“Where the Money Goes,” from the Hickory Daily Record, Oct. 31, 1916.
The burden for taxation for state support in North Carolina in 1915 averaged $1.76 per inhabitant. The average was less in only one state and greater in 46.
The figures range from $1.64 in South Carolina to $10.36 in Nevada, the average for the country-at-large being $3.85.
So reads census bureau Bulletin, The Financial Statistics of States, given to the public two weeks or so ago. It is a mine of information about the finances of North Carolina and every other state in the union.
What is covered by this $1.76 and what went with it in detail was a follows:
1. Highways and Public Recreations, less than 1 cent.
2. Public health and sanitation, 5 cents.
3. Protection of person and property, 10 cents.
4. Conservation and development of resources, 11 cents.
5. General government—legislative, executive, judicial, 14 cents.
6. General expenses—interest, outlays, etc., 25 cents.
7. Charities, hospitals and corrections, 39 cents.
8. Public education and libraries, 71 cents.
The figures are illuminating.

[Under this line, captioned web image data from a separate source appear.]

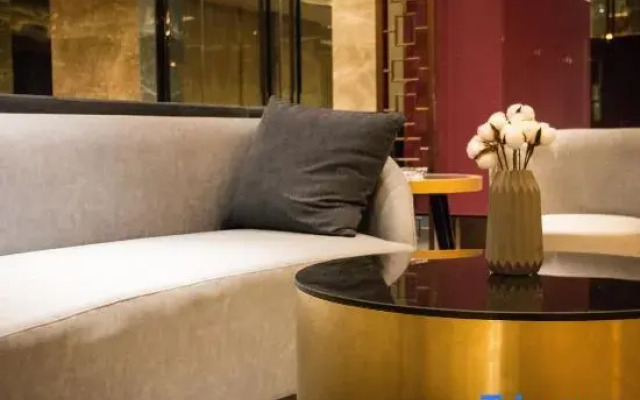 Tongqi Hotel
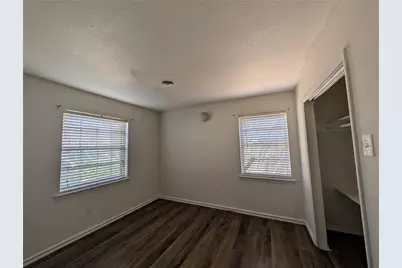 2514 Muret Street, Irving, TX 75062 - Photo 13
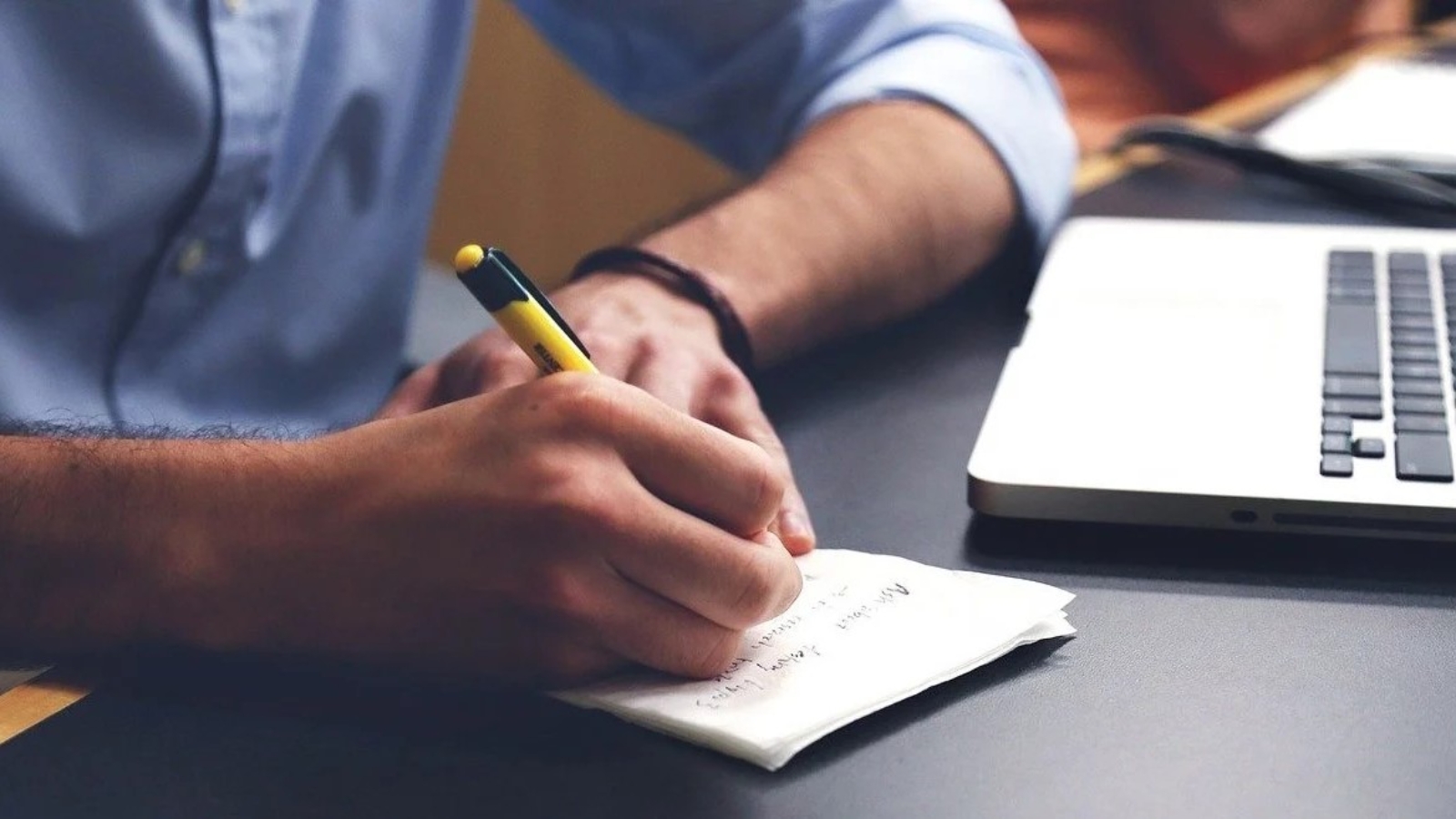 Upgrade Pengetahuan Pajak Staf Keuangan Tanpa Harus Keluar Kantor - Ikuti Training Online!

The common notion is that tax money goes mainly to support office holders and their families, to keep fodder in the rack of the ringsters. It is an inveterate, and in places an incurable notion—or apparently.
As a matter of fact for every dollar or state revenue that goes to oil the machinery of state government in North Carolina, nine dollars come straight back to taxpayers for the education of our soldiers, our blind and deaf, the victims of tuberculosis, the insane and feeble minded, for the protection of our properties from fire, our persons from disease, and our farmers from fraud; for the regulation of financial institutions and other corporations in the interest of public security; for the development and conservation of our natural resources, the protection and development of agriculture and the general public welfare.
For all these purposes of state the tax burden in North Carolina is $1.37 per inhabitant—the price, say, of two or three circus tickets.